Hello.
Basically I’m working with 2 matrixes. I copy them to Global Memory:
(Code of 1)
A_h = (float ) malloc(N * M * sizeof(float));
cudaMalloc((void **) &A_d, NM * sizeof(float)));
cudaMemcpy(A_d, A_h, N*M * sizeof(float), cudaMemcpyHostToDevice));
…kernel_call…
int gid = (blockIdx.x * blockDim.x + threadIdx.x);
if (gid < M){
for (i=0; i < N; i++){
…
A[i*M + gid] = 0.0f //For example
…
}
}
… kernel return…
cudaMemcpy(A_h, A_d, N*M * sizeof(float), cudaMemcpyDeviceToHost)
cudaFree(A_d);
free(A_h);
Well. When N and M=3000, this last cudaMemcpy fails. If I delete the matrix A instruction in the kernel, the program works correctly (I can copy the matrix A from device memory to host memory). What’s happening?
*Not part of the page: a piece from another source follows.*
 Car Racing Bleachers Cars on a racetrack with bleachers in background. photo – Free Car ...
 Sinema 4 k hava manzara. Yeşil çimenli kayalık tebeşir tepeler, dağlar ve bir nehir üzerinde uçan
I don’t use shared memory, my device has 512 MB GDDR3 and 3000x3000*sizeof(float) * 2 matrixes = 69 MB! I have tried in a Tesla with 1.5GB and I have the same problem.
If N=M < 3000 I don’t have any problem. I check the result of my algorithm and it’s correct. I’ve tried with -deviceemu and everything works ok.
Of course, I’ve restarted the computer many times.
Any help?
Thank you so much.